U.S. Permanent Representative to the United Nations, on a Draft UN Security Council Resolution on South Sudan, December 23, 2016
United States Mission to the United Nations
Office of Press and Public Diplomacy
799 United Nations Plaza
New York, NY 10017
AS DELIVERED December 23, 2016
Thank you very much, Mr. President. This should not have been a contentious resolution. The United States proposed a resolution meant to show that the architects of mass atrocities and those who defy the demands of the Security Council day in, day out will face consequences. We urged members of this Council to stand with South Sudan’s people, who are suffering immensely due to the actions of their leaders, and we urge that we use an arms embargo and targeted sanctions to help end the culture of impunity and reduce – at least – the violence. We are grateful to those who supported this effort. Some Council members decided to prevent the Council from acting, from heeding the pleas of the United Nations Secretary-General who has been appealing for these steps for more than a year. And history is going to be a very harsh judge of their decision. The atrocities in South Sudan, the displacement into neighboring countries, are increasing every day.

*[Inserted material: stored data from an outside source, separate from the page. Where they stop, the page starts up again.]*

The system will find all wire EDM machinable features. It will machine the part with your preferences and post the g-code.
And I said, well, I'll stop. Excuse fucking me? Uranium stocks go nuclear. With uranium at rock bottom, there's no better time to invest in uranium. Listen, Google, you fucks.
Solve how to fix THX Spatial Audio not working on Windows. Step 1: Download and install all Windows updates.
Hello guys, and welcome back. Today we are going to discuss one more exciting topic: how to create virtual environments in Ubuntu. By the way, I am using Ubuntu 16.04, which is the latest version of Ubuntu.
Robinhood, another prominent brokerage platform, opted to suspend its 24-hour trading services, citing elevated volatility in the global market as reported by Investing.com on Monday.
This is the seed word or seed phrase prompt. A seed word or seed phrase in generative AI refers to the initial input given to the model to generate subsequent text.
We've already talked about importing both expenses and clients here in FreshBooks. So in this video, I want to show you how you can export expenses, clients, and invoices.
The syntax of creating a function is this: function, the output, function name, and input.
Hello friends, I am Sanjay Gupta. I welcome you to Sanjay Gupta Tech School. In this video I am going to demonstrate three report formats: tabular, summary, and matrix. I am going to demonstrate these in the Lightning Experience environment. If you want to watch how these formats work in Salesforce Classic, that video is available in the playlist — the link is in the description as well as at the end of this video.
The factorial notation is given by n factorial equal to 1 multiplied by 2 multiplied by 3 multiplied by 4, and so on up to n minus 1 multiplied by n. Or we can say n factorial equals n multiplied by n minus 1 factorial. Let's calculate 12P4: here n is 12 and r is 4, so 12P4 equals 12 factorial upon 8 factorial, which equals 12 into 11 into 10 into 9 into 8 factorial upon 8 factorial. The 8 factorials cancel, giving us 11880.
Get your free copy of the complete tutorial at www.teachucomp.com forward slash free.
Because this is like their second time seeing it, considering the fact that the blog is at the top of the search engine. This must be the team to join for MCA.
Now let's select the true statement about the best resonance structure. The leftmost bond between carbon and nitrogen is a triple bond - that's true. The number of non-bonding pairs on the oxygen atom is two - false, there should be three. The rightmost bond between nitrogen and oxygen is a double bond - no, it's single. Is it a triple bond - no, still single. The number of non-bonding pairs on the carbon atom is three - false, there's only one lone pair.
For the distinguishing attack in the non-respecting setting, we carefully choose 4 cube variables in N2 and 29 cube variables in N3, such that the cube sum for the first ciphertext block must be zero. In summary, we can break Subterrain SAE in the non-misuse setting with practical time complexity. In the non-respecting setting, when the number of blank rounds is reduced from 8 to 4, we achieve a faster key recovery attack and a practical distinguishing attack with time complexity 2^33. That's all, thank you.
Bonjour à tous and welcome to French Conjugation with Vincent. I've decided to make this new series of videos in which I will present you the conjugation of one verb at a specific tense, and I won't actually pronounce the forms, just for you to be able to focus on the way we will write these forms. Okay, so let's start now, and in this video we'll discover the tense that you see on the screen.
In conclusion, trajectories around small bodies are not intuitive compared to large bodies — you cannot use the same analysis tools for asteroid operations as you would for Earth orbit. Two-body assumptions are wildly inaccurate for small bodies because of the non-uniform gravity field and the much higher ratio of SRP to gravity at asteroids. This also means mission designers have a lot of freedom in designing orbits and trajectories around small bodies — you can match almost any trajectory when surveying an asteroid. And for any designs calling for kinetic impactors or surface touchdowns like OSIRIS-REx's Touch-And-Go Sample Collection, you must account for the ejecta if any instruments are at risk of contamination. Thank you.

A number of false arguments have been made in recent days and I’d just like to address them head on. Some have said that this resolution should have imposed either an arms embargo or targeted sanctions, but not both. They argued that by putting both the arms embargo and the designations into the same resolution, that was costing us votes and that we could have maybe gotten this resolution through if we had just submitted, let’s say, a clean embargo or clean designations. This is just false. We told every abstaining country, all eight abstainers on the arms embargo and the designations, that we were completely open to doing a clean arms embargo or clean designations to try to get at the culture of impunity and the leading architects of the violence. We were told, in response, that a change of that nature would not earn us a single vote. We engaged every single abstainer – so let nobody say in retrospect that “oh, if the Americans had only put forward half of what they put in that resolution we would’ve been fine;” that’s false.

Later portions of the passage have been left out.